Pictures with short captions
======
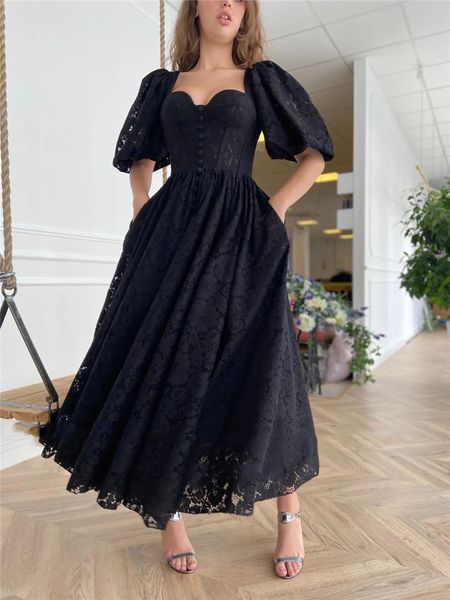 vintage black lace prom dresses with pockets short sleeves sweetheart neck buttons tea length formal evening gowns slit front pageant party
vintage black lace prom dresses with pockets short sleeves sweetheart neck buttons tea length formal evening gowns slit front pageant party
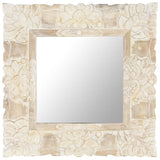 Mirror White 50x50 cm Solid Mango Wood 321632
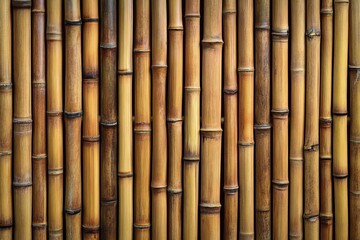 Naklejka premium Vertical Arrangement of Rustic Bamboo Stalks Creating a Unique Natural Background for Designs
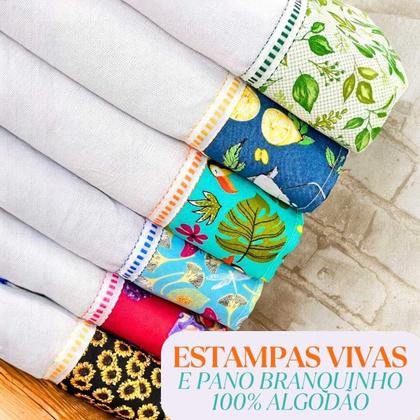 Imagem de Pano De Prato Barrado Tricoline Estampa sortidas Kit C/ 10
======
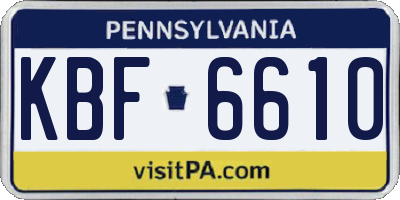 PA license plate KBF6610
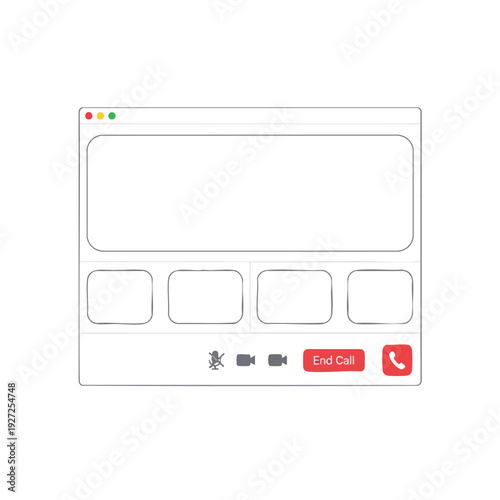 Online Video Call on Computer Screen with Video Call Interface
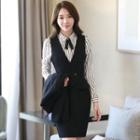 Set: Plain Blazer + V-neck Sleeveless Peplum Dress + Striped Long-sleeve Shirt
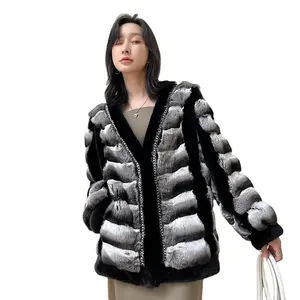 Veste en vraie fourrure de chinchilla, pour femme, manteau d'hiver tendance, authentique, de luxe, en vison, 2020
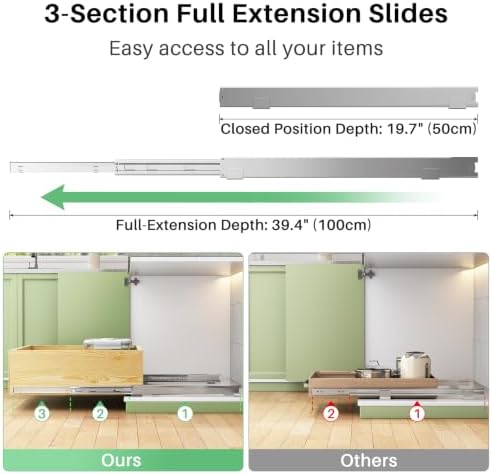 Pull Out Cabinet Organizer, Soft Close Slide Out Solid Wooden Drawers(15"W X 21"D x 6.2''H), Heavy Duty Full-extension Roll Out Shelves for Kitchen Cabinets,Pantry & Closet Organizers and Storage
======
What you are asked to do:
What's needed is an exact copy of the records above from the line containing "Online Video Call" down to the line containing "Pull Out Cabinet", both included, without any pictures.

Answer area:
 Online Video Call on Computer Screen with Video Call Interface
 Set: Plain Blazer + V-neck Sleeveless Peplum Dress + Striped Long-sleeve Shirt
 Veste en vraie fourrure de chinchilla, pour femme, manteau d'hiver tendance, authentique, de luxe, en vison, 2020
 Pull Out Cabinet Organizer, Soft Close Slide Out Solid Wooden Drawers(15"W X 21"D x 6.2''H), Heavy Duty Full-extension Roll Out Shelves for Kitchen Cabinets,Pantry & Closet Organizers and Storage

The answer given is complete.